After that, center the sink in the middle of the hole you made on the countertop. Next, adjust the sink as needed and align the rim with the cut edges of the countertop if going for a zero reveal look. Look down to ensure that the sink rests where you want it.
If going for other reveal styles, take your time to position the sink. Then, measure the distance between the rim and the countertop’s edge and ensure that it’s even on all sides.
Step 7: Clamp the sink to supports
Get an adjustable bar clamp and a couple of pieces of wood (2 x 6 inches). Set one piece of wood under the sink and another over the hole in the countertop. Clamp the wood boards so that your sink stays suspended about 2.5 cm below the countertop.
If working alone, use an undermount sink harness. It clips to the sides of the countertop. To lift the sink, all you’ll have to do is tighten it up.
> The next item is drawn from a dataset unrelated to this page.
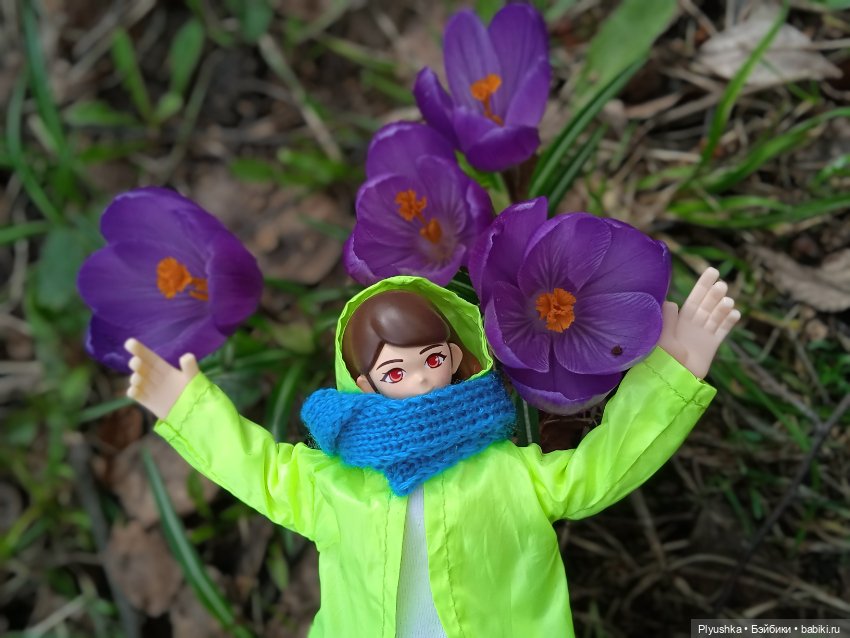 Шарлин в стране цветов — Разные шарнирные куклы (не БЖД): редкие (фото 8)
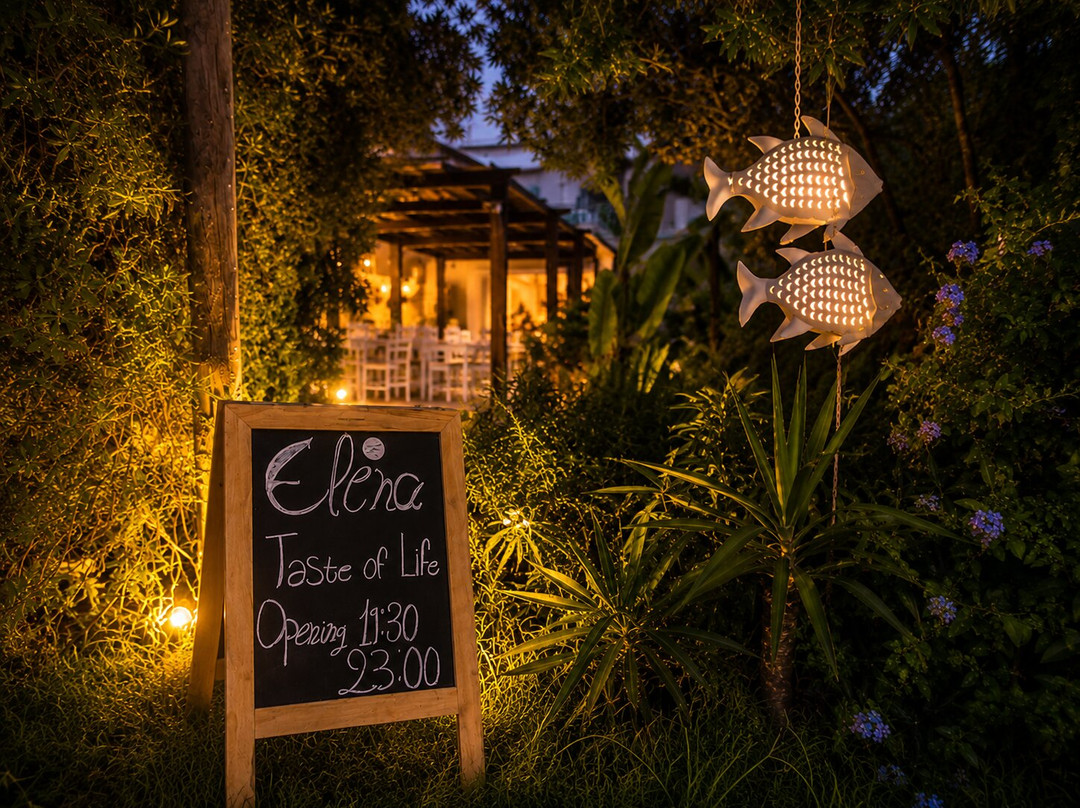 Elena Taste Of Life Restaurant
Step 8: Glue the studs to the counter’s underside
Get some undermount sink clips, epoxy paste and a hardener. Mix equal amounts of the paste and hardener using a wooden stirring stick.
Next, hold the studs to the countertop and spread the mixture over them with the stirring stick. Position all the studs around the sink’s rim and corners.
For the best results, glue a stud near every corner of the sink and spread the others out. Keep no more than 10 studs 25 cm apart.
Step 9: Apply silicone caulk
Set caulk in a caulk gun and spread a thick bead around the cutout in your countertop. Ensure that the caulk bead remains above the sink’s rim.
This adhesive will hold your farmhouse undermount sink in place for the longest time possible.
Step 10: Tighten the Clamps
Tightening the clamps will raise your sink so that it presses against the caulk bead. Check the sink’s positioning and adjust it before the caulk solidifies.
If satisfied with the placement, leave it in place for the caulk to solidify.
Step 11: Install the Sink Clips and wingnuts
Fit a clip over the already installed studs and tighten it in place with a wingnut. Position the clips in such a way that the slotted end gets over the stud and the solid end underneath the sink’s rim.
Twist the wingnuts clockwise and tighten them. With the sink clips in place, they’ll secure your sink tightly to the countertop.
Ensure that there are no gaps between the farmhouse undermount sink and the countertop. Should you notice a gap, it means that the clips are not tight enough.
Also, ways tighten the wingnuts by hand. Avoid overtightening them, as this can damage the countertop.
Step 12: Clean the excess caulk with denatured alcohol
When pushing the sink against the countertop, some caulk may squeeze out. You need to wipe it out before it hardens. Once it cures, it gets extremely difficult to remove.
To do so, get a rag and dampen it with denatured alcohol and use it to wipe away the caulk.
Step 13: Mount the faucet and other accessories
At this stage, you’re almost done. Set all accessories on top of the caulk and install them over the holes in the countertop. After that, install the water lines.
Run these water lines through the faucet and control knobs to complete the installation process.
Although undermount sinks are a little tricky to install, following all the steps listed above will help you do it yourself. We hope that you’ve found the guide helpful.